« Les prêtres « surhommes » tournent mal, tous », affirme le pape François dans son allocution aux prêtres de Saint-Louis-des-Français de Rome, qu’il a reçus en audience ce lundi 7 juin 2021, dont Mgr Jean Landousies CM, qui quitte fin juin le service du Saint-Siège, et auquel le pape a rendu un hommage appuyé, et le nouveau recteur, depuis septembre 2020, Mgr Laurent Bréguet, originaire du diocèse d’Angers.
Le pape a en quelque sorte fait l’éloge de la fragilité chrétienne : « Les fragilités ne doivent pas être laissées de côté : elles sont un lieu théologique. Ma fragilité, celle de chacun de nous est le lieu théologique de la rencontre avec le Seigneur. Les prêtres « surhommes » tournent mal, tous. Le prêtre frêle, qui connaît ses faiblesses et en parle avec le Seigneur, ça ira. Avec Joseph, nous sommes appelés à revenir à l’expérience d’actes simples d’accueil, de tendresse, de don de soi. »

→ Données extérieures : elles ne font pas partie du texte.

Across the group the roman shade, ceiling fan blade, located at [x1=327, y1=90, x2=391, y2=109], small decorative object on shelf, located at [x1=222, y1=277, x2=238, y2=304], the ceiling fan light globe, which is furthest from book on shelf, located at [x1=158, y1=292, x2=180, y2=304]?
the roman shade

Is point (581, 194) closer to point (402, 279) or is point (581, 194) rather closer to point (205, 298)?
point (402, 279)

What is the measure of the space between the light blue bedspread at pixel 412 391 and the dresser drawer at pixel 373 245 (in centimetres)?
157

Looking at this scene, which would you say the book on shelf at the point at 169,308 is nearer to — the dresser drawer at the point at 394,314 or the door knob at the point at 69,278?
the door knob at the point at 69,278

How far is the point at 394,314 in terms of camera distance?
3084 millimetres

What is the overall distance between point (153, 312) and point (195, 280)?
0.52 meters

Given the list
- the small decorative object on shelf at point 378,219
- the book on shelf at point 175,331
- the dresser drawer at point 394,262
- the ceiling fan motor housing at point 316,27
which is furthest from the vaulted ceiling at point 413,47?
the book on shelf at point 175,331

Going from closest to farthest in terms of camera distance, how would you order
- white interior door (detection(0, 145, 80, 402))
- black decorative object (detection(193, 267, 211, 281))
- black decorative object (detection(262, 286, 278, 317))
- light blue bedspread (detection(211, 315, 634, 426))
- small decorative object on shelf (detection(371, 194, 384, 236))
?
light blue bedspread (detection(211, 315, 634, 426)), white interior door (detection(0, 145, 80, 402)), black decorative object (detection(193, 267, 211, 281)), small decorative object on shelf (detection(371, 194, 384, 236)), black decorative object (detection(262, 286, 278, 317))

Le pape a aussi évoqué les écueils de la vie communautaire : « Dans la vie communautaire, il y a toujours la tentation de créer de petits groupes fermés, de s’isoler, de critiquer et de dire du mal des autres, de se croire supérieur, plus intelligent. Les cancans c’est une habitude des groupes fermés, aussi une habitude des prêtres qui deviennent des vieux garçons : ils vont, parlent, médisent : cela n’aide pas. Et cela nous menace tous, et ce n’est pas bon. »
Mais le pape indique aussi l’antidote : « Nous devons abandonner cette habitude et regarder la miséricorde de Dieu et y penser. Puissiez-vous toujours vous accueillir les uns les autres comme un don. Dans une fraternité vécue dans la vérité, dans la sincérité des relations et dans une vie de prière, nous pouvons former une communauté où vous pouvez respirer l’air de la joie et de la tendresse. »

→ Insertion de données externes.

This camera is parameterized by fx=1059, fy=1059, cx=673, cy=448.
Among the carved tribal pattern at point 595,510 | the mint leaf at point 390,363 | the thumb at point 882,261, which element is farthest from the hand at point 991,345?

Surtout, le pape recommande le service du peuple de Dieu : « On ne peut pas réfléchir sur le prêtre en dehors du saint peuple de Dieu. Le sacerdoce ministériel est une conséquence du sacerdoce baptismal du saint peuple fidèle de Dieu. Il ne faut pas l’oublier. Si vous pensez à un sacerdoce isolé du peuple de Dieu, ce n’est pas un sacerdoce catholique, non ; et même pas chrétien. Dépouillez-vous de vous-mêmes, de vos idées préconçues, de vos rêves de grandeur, de votre affirmation de soi, pour mettre Dieu et les personnes au centre de vos préoccupations quotidiennes. Pour mettre le saint peuple fidèle de Dieu au centre, il faut être des pasteurs. »
Une page précieuse sur l’enseignement du pape François sur le sacerdoce et la pastorale, avec saint Joseph pour modèle.
Voici notre traduction, rapide, de travail, de l’allocution du pape François prononcée en italien.
AB
Allocution du pape François
Chers frères,
Je suis très heureux de vous accueillir en tant que communauté sacerdotale de Saint-Louis-des-Français. Je remercie le recteur, Mgr Laurent Bréguet, pour ses aimables paroles.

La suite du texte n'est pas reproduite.